__Exercise requirements__:
Only the number is needed: how many lines of the records include "With"?

__Excerpts from a dataset__:
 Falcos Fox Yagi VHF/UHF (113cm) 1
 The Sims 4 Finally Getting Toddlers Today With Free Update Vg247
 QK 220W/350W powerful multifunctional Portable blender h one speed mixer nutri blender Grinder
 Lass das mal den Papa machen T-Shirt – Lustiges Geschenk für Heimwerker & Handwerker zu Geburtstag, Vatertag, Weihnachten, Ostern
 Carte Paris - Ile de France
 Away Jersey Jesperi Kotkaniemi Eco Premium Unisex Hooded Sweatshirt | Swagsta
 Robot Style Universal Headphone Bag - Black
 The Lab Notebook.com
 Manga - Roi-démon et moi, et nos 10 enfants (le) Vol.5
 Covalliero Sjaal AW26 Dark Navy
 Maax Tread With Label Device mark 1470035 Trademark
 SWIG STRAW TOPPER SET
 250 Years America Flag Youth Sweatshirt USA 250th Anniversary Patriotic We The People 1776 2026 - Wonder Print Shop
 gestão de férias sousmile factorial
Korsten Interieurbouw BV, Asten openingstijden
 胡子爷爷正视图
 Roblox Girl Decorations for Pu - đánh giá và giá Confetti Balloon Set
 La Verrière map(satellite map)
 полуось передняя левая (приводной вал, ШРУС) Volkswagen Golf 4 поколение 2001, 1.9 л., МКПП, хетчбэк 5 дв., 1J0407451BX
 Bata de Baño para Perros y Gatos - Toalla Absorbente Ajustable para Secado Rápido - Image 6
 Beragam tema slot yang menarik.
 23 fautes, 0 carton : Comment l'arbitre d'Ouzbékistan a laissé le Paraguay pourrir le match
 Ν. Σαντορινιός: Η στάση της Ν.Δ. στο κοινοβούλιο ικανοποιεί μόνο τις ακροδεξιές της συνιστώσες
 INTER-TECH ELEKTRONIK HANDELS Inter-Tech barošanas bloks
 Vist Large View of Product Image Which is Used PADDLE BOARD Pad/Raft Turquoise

__Exercise solution__:
2